Von einem Entwurf, wie er im benachbarten Frankreich entstanden ist, sind wir jedoch weit entfernt. Der Versuch, dort hinzukommen, ist kläglich gescheitert und wenn ich die Schadenfreude darüber lese, dann habe ich Zweifel, ob die Notwendigkeit einer Mobilisierung vieler bis jetzt passiver Mitbürgerinnen und Mitbürger nicht tatsächlich als Störung des laufenden Parteiengeschäfts empfunden und dementsprechend von dieser Seite bekämpft wird. Und wenn das so ist, dann drängt sich der Schluss auf, dass Parteien in dieser klassischen Form nicht das sein werden, was die Zukunft an politischer Partizipation braucht.

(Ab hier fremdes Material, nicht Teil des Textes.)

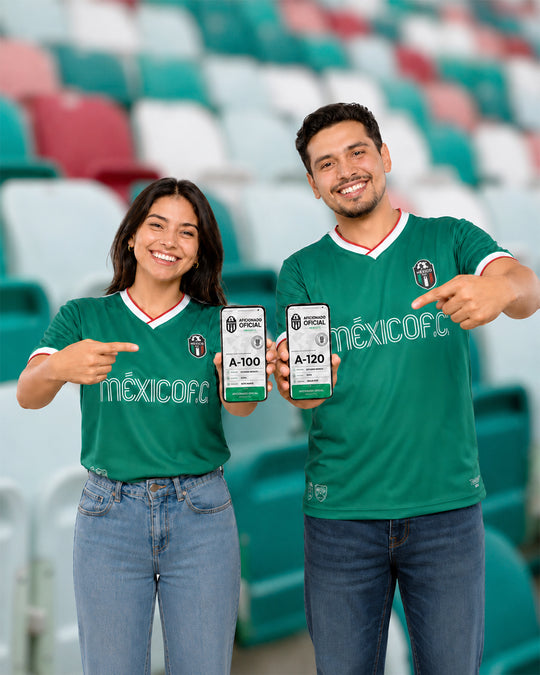Aficionado Oficial - México F.C.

Was die Disposition derer betrifft, die etwas verändern wollen, so sind dort zwei Modellierungen wesentlich. Während die eine a priori darüber räsoniert, in welchen Strukturen sie dieses tun will,  macht die andere sich in erster Linie darüber Gedanken, um welche Themen es geht, wie ein Standpunkt entwickelt werden kann und welche Diskurse dazu notwendig sind. Insofern handelt es sich auch hier, wie immer und überall um den Klassiker, wo der Schwerpunkt liegt. In der Struktur oder im Programm?

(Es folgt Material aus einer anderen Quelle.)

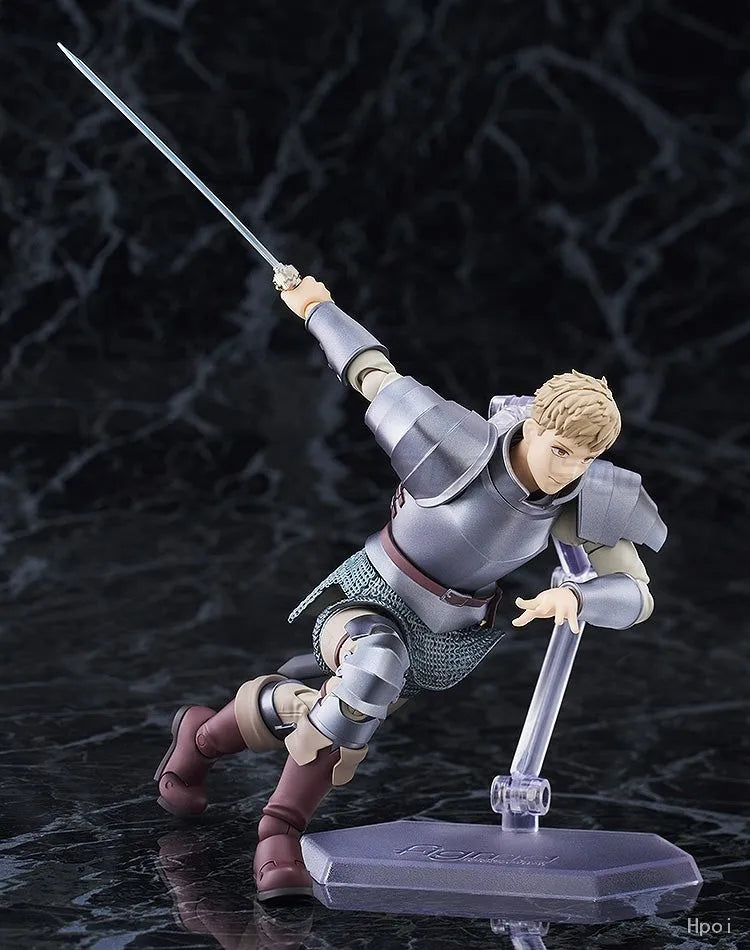 【MT】Original Max Factory Figma#631 Delicious in Dungeon Laius Raiosu Action Figure Model Toy Gift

Ich bin nach wie vor der Meinung, dass Klarheit im Kopf die Voraussetzung für eine wirksame politische Partizipation ist. Da ist es zunächst unerheblich, in welcher Form das geschieht. letzteres wird dann zur Frage, wenn es darum geht, gute politische Ideen zu materialisieren. Gerade bei dieser Frage jetzt in Hektik zu geraten ist ein Verhalten, das jedem Apparatschik auf den Leib geschnitten ist und jedem von ihnen freisteht, jedoch die Relevanz liegt derzeit woanders. Es sind Aufgaben, die relativ einfach formuliert, aber dennoch schwer zu erfüllen sind. Worum geht es? Was sind die wichtigsten Herausforderungen? Wie sehen Lösungsmöglichkeiten aus? Und dann, ja dann, kommt da Was tun? 

Die intelligenteste Form ist jedoch die, etwas zu tun, um zu neuen Erkenntnissen zu gelangen, und zwar über Programm wie Struktur.